Unimplemented Features (TODO)

  • Personality/LSDA lookup (for runtime unwinders)
  • Entry lookup by address (for runtime unwinders)
  • x86/x64 Stackless-Indirect mode decoding (for stack frames > 2KB)

The Compact Unwinding Format

This format is defined only by its implementation in llvm. Notably these two files include lots of useful comments and definitions:

This implementation is based on those files at commit d480f968ad8b56d3ee4a6b6df5532d485b0ad01e.

Unfortunately the description of the format in those files elides some important details, and it uses some naming conventions that are confusing, so this document will attempt to define this format more completely, and with more clear terms.

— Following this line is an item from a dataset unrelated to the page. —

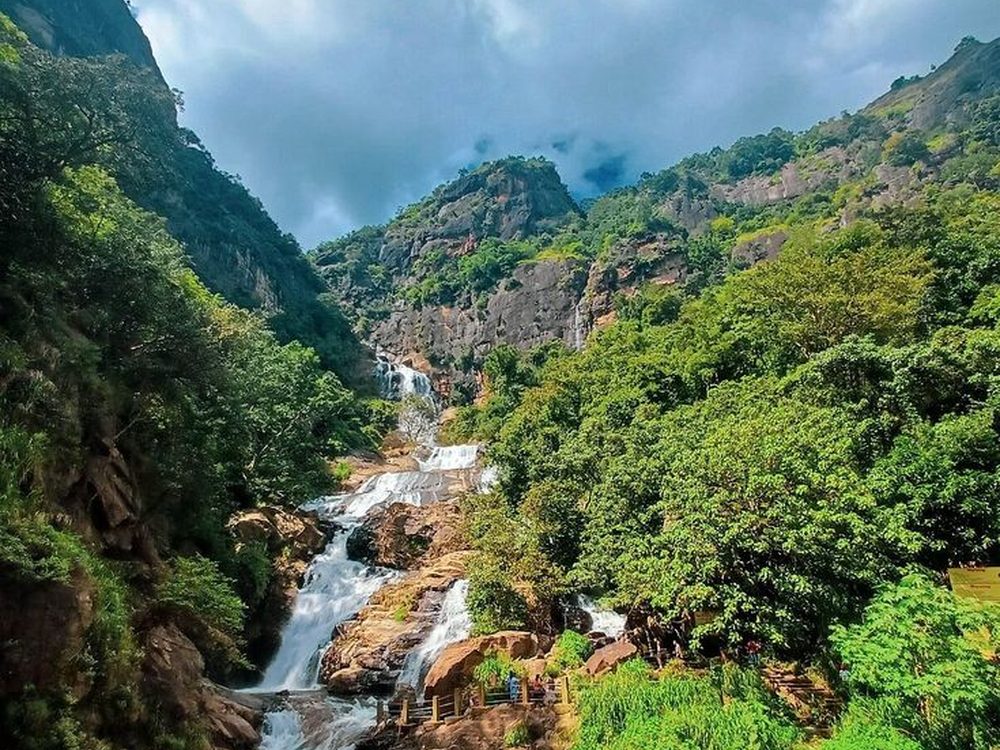 Ravana Falls, Sri Lanka — A wide roadside cascade wrapped in Ella legend. Private driver and tours.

Some notable terminology changes from llvm:

  • “encoding” or “encoding type” => opcode
  • “function offset” => instruction address

Like all unwinding info formats, the goal of the compact unwinding format is to create a mapping from addresses in the binary to opcodes describing how to unwind from that location.

These opcodes describe:

  • How to recover the return pointer for the current frame
  • How to recover some of the registers for the current frame
  • How to run destructors / catch the unwind at runtime (personality/LSDA)

A user of the compact unwinding format would:

  1. Get the current instruction pointer (e.g. %rip).
  2. Lookup the corresponding opcode in the compact unwinding structure.
  3. Follow the instructions of that opcode to recover the current frame.
  4. Optionally perform runtime unwinding tasks for the current frame (destructors).
  5. Use that information to recover the instruction pointer of the previous frame.
  6. Repeat until unwinding is complete.

The compact unwinding format can be understood as two separate pieces:

  • An architecture-agnostic “page-table” structure for finding opcode entries
  • Architecture-specific opcode formats (x86, x64, and ARM64)

Unlike DWARF CFI, compact unwinding doesn’t have facilities for incrementally updating how to recover certain registers as the function progresses.

Empirical analysis suggests that there tends to only be one opcode for an entire function (which explains why llvm refers to instruction addresses as “function offsets”), although nothing in the format seems to require this to be the case.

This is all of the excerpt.